Complaints over lack of sufficient funding for the Internal Revenue Service (IRS) often appear at this time of year, just as taxpayers are beginning to focus on readying their tax returns due in April. This year is no exception. Whining over insufficient funding began with Dennis Ventry, the chairman of the IRS Advisory Council (IRSAC), who complained on Monday that Trump’s tax reform had created a “nightmare” for the agency. He lamented: “[IRS] personnel had to work on reform this year when they otherwise would have been working on something else. So, in some respects, it was a lost year.”
That lost year, Ventry opined, cost the federal government billions in taxes owed but not collected. And it’s all because Congress keeps cutting the IRS budget. As a result, the IRS now employs about 24,000 fewer full-time agents than it did back in 2010 (now down to a scant 76,000), with most of those cuts (17,000) coming from the tax-enforcement arm.
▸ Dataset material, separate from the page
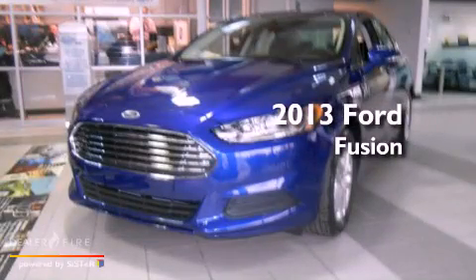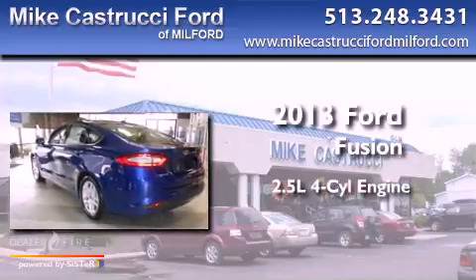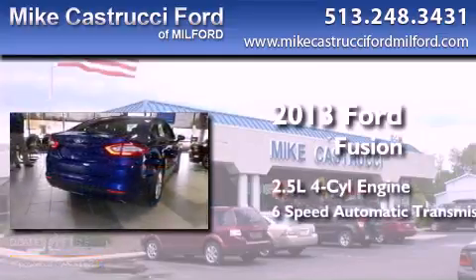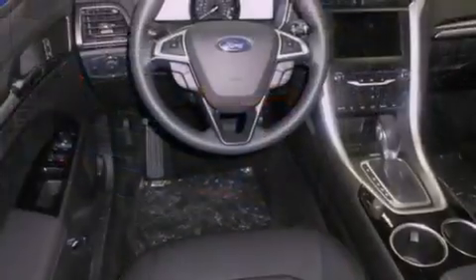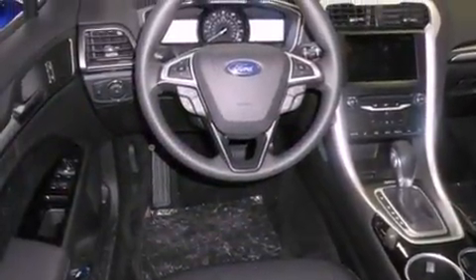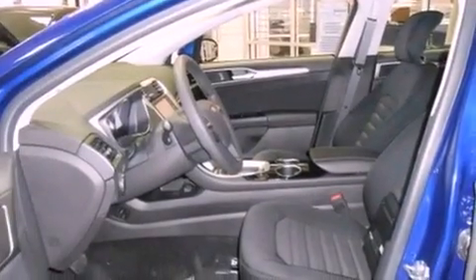This is a brand new 2013 Ford Fusion. It has a 2.5-liter four-cylinder engine and a six-speed automatic transmission. With an EPA estimated rating of 34 miles per gallon on the highway, you won't be making frequent trips to the gas pumps.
Ventry estimates that the agency was unable to collect somewhere between $58 billion to $84 billion over the last eight years due to those cuts.
The agency may be underfunded. It may not have enough agents to prepare themselves for questions arising from taxpayers over Trump’s tax-reform act. It may be leaving money on the table as a result. But at bottom, the agency not only has brought this upon itself by its past and recent unconstitutional behaviors, it also violates the principle that what a person earns he has a right to keep. Instead, through withholding, the government stands in front of the taxpayer to get its share first, allowing the taxpayer to keep what is left. There is no sympathy from this corner. The damage done was done by the agency itself.